Le drame c’est la disparition d’une mère dans des circonstances tragiques, l’exaltation ce sera la rencontre avec ce tableau aux vertus balsamiques et avec son auteur, H. Craig Hanna.
Laurence Esnol ne se destinait pas à devenir galeriste. Aujourd’hui encore elle ne se reconnaît pas dans ce mot, ni dans l’esprit affairiste d’un monde de l’art qu’elle observe sans concession et qui ne s’est pas empressé de l’accepter. Car ses préférences vont plutôt vers ces hérauts de l’art que furent les Castelli, Ernst Beyeler ou René Gimpel dont le goût et la vision, intimement mêlés, faisaient d’eux des marchands d’exception tout autant que des mécènes. Éloignée de sa dilection première, la mode, elle s’est lancée dans la bataille de l’art avec un peintre séparé de sa terre natale comme le fut naguère Le Caravage, son maître ancien préféré.
Michelangelo Merisi dit Le Caravage s’exila un temps, suite à un duel tragique, à Malte, terre sur laquelle séjournera aussi H. Craig Hanna. Pour ceux investis d’une mission il y aura toujours des signes prêts à la justifier.
Après avoir correspondu plusieurs mois avec le peintre, celle qui n’est encore qu’une bienveillante admiratrice est là pour l’assister lors d’une exposition de la Cynthia Corbett Gallery à New-York. Sur la simple idée de présenter les tableaux sur un fond orange, le résultat dépassera toutes les espérances, puisque la presque totalité des œuvres sera vendue.
Une palpitante et vibrante énergie parcours cette peinture contemporaine. Nourri à l’exaltation des génies de la lumière, Le Titien, Velasquez et Rembrandt, maîtres du clair-obscur qui ont inspiré Whistler et Sargent, H. Craig Hanna réalise des tableaux dont la couleur procure une jouissance autant érotique que spirituelle. La singularité de son style lui fait rejoindre le cercle de ses illustres et subtils compatriotes, installés dans une ville qui n’a jamais renoncé à voir un retour de la peinture.
«Paris ne finit jamais» dit l’écrivain et essayiste espagnol Enrique Vila-Matas. La peinture de Craig Hanna non plus. Elle ne cesse de regarder au loin. D’une fille au complet rouge aux cieux ultramarins, l’exil est la sève des grandes épopées.
Cyril A. Skinazy
Craig Hanna
Girl with red suit, an American adventure
The American artist James Abbott McNeill Whistler moved to Paris at the end of the 19th century. He was a friend of Oscar Wild and well known for his sharp mind and witty speech. “The art of making enemies”, his response to art critic John Ruskin who had called Whistler’s painting “Nocturne in Black and Gold—The Falling Rocket” a “bucket of paint thrown at the public’s face” has become legendary in the history of art criticism. Whistler, who became famous around the world while still alive, was a particularly refined painter for whom the harmony of colors was so important that he was unanimously considered one of the precursors of impressionism, or even abstract art.
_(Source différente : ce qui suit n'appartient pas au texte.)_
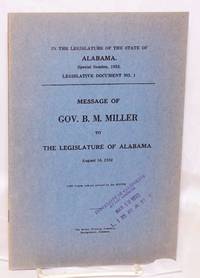 image of Message of Gov. B. M. Miller to the Legislature of Alabama, August 16, 1932; 1,000 Copies ordered printed by the House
The growth and flourish in his use of color leads one to compare him to another American artist of the time, John Singer Sargent, whose impressive “Portrait of Madame X” caused a scandal at the Salon of Fine Arts in Paris in 1884.
Laurence Esnol has opened two wonderful art galleries in the Saint-Germain des Prés quarter of Paris. So many aspects of her life are worthy of a novel and could inspire many a playwright; drama and excitement are at the heart of her story.
It all began with a meeting. A book, or something else that could decide one’s fate. For her it would be a picture or more exactly, a painting by an unknown artist, “Girl with red suit” («La fille au complet rouge»).
The tragedy was the death of a mother in dreadful circumstances, getting over it was coming across a painting with soothing qualities, and meeting its creator, H. Craig Hanna.
Laurence Esnol was not destined to become a gallery owner. Even today she doesn’t consider that she fits this description; neither in the business-minded art world that she looks upon without concession, and which she is in no hurry to accept. Because her preferences go more towards the heralds of art: Castelli, Ernst Beyeler and René Gimpel, whose taste and vision, finely entwined, made them exceptional merchants as much as philanthropists.
Pushed away from fashion, her first great interest, she threw herself in to the battles of art with a painter separated from his native land as was Caravaggio, her favorite master of all time. Michelangelo Merisi o Amerighi da Caravaggio had exiled himself for a while after a tragic duel in Malta, where H. Craig Hanna had also stayed. Those who have been given a mission will always have signs to justify it.
After having written back and forth with the painter, she who was only still a well-wishing admirer was at his side, going to the show at the Cynthia Corbett Gallery in New York. With just the simple idea of hanging paintings on an orange background, the results went beyond any hopes, and almost all the works were sold.
A palpitating and vibrant energy runs through this body of modern art. Brought to a fever pitch by the geniuses of light, Titian, Velázquez and Rembrandt, masters of chiaroscuro that inspired Whistler and Sargent, H. Craig Hanna makes paintings whose color brings joy, whether it be erotic or spiritual. The uniqueness of his style brings him back in the circle of his famous and lesser-known fellow countrymen, who live in a city that has never given up on seeing painting come back.
There’s “Never any end to Paris” said the Spanish writer Enrique Vila-Matas; there’s never any end to Craig Hanna’s painting either. They keep you looking off in the distance. From a girl with red suit to deep cobalt-blue skies, exile is the seed of the greatest of escapes.